**REQUIRED ACTION**
Take the data below and extract the lines from the one with "صورة ابداعية لمركز" to the one with "Relatório de MP", inclusive, exactly as written.

*** EXTRACTED MATERIAL Section Begins ***

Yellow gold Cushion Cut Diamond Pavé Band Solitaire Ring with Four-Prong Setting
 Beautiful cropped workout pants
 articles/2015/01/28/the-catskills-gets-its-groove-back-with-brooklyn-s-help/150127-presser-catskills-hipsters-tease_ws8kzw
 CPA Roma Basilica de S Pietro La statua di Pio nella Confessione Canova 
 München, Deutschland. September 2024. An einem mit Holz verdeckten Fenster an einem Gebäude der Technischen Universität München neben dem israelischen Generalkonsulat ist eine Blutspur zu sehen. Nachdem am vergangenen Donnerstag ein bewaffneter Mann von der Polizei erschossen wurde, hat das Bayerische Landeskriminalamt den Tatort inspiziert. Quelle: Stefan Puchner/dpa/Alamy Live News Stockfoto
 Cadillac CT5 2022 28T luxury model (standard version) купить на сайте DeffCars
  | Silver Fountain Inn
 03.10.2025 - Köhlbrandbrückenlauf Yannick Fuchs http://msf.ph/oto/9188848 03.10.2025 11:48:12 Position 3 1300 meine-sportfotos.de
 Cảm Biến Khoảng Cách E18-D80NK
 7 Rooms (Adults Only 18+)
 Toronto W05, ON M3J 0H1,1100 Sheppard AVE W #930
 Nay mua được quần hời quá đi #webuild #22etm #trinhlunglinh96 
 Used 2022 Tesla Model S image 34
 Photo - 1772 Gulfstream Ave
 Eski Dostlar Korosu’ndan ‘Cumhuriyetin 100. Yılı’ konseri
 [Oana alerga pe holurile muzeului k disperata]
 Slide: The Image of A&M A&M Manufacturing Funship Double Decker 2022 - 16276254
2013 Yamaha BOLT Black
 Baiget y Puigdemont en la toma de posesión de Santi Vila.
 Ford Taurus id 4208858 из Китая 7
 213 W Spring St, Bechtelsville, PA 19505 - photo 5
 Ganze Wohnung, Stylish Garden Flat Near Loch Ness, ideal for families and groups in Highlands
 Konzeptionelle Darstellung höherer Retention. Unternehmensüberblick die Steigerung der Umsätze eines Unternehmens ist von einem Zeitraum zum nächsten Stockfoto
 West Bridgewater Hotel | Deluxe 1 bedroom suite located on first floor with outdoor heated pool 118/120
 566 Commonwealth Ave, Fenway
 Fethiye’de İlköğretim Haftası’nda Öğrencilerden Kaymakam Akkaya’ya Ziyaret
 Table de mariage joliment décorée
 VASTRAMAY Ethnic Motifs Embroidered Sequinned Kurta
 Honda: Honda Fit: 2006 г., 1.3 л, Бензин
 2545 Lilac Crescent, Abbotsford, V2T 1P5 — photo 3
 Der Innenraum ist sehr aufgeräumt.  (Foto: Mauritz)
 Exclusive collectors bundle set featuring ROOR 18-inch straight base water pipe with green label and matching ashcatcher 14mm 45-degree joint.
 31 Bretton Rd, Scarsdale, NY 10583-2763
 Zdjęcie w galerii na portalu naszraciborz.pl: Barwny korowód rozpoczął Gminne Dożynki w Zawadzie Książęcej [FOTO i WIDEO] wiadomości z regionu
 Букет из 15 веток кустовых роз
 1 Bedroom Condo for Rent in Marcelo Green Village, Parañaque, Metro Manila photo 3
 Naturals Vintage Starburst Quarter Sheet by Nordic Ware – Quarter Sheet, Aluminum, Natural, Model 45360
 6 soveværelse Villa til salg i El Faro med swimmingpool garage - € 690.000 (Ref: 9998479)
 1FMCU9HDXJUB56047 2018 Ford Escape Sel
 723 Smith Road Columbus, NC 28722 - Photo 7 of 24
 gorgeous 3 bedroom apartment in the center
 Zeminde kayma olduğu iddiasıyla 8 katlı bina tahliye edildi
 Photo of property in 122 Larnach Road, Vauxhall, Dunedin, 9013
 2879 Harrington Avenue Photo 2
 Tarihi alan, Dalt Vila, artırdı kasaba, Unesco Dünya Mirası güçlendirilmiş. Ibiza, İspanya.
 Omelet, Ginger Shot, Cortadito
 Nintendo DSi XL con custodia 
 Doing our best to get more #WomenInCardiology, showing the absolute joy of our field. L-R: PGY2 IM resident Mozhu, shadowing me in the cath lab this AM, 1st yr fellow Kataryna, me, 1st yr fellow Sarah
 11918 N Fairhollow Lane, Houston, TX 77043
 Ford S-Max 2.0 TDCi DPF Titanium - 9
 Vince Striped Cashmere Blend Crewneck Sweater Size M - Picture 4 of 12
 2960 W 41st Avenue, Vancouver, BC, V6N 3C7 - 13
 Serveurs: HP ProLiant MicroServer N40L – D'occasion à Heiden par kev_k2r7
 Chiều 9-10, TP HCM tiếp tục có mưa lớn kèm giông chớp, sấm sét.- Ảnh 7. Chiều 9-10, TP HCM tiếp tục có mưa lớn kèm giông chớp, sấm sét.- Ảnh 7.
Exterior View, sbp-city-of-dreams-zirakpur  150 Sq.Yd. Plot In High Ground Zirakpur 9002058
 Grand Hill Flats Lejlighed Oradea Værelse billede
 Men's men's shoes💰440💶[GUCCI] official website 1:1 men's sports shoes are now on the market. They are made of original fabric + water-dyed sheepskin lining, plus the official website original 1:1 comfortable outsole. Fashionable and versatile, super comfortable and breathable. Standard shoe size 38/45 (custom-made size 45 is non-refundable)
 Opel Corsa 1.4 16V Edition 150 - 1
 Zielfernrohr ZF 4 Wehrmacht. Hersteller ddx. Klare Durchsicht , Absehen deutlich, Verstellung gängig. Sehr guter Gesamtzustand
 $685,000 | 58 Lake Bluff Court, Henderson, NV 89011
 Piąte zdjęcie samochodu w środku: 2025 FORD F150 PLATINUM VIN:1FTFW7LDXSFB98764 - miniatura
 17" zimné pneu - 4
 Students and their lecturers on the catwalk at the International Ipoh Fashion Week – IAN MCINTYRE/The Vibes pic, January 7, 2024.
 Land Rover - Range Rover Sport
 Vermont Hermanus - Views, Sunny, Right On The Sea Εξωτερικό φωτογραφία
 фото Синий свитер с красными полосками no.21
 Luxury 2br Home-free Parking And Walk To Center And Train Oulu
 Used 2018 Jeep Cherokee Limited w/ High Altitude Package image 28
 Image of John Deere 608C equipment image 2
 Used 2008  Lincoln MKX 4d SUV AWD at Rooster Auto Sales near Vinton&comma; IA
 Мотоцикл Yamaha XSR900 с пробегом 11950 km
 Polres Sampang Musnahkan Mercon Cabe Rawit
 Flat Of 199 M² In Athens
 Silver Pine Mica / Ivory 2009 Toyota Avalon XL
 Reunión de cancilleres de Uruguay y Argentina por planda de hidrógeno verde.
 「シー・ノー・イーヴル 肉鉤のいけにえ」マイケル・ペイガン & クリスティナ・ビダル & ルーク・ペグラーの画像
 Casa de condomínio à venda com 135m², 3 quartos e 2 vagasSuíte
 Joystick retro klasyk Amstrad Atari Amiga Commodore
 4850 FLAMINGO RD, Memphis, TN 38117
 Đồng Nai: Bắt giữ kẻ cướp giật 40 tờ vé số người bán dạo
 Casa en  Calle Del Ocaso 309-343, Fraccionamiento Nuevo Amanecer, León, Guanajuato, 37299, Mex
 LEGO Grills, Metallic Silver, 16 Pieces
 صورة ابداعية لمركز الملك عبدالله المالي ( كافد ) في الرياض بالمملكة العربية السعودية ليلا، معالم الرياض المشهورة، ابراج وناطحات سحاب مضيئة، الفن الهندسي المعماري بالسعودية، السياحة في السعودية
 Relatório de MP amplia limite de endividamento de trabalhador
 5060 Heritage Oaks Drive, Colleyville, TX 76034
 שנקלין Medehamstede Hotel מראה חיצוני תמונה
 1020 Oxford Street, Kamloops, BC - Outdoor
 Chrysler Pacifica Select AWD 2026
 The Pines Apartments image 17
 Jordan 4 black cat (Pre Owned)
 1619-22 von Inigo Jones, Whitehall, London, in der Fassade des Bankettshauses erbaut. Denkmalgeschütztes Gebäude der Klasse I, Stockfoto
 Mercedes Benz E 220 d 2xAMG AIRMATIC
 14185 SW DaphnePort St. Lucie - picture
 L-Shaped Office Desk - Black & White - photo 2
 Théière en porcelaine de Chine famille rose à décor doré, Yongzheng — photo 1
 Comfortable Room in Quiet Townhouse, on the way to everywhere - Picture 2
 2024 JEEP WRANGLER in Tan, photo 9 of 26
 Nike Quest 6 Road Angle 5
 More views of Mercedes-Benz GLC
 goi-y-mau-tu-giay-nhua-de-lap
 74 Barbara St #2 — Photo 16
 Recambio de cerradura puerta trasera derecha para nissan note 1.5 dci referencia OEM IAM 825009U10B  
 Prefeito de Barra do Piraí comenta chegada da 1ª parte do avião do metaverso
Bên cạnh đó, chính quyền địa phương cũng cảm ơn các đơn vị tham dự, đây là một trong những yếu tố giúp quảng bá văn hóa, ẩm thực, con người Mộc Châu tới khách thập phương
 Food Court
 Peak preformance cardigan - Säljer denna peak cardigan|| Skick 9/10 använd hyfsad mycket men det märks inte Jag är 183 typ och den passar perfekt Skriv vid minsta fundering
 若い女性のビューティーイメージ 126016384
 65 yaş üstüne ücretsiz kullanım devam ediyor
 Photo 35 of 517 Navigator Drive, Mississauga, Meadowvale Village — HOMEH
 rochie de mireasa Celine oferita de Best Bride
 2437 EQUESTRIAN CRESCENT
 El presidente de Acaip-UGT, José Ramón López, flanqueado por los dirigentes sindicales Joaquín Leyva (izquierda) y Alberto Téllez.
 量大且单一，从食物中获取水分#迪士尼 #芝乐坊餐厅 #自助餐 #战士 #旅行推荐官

*** EXTRACTED MATERIAL Section Ends ***

**THE ANSWER**
 صورة ابداعية لمركز الملك عبدالله المالي ( كافد ) في الرياض بالمملكة العربية السعودية ليلا، معالم الرياض المشهورة، ابراج وناطحات سحاب مضيئة، الفن الهندسي المعماري بالسعودية، السياحة في السعودية
 Relatório de MP amplia limite de endividamento de trabalhador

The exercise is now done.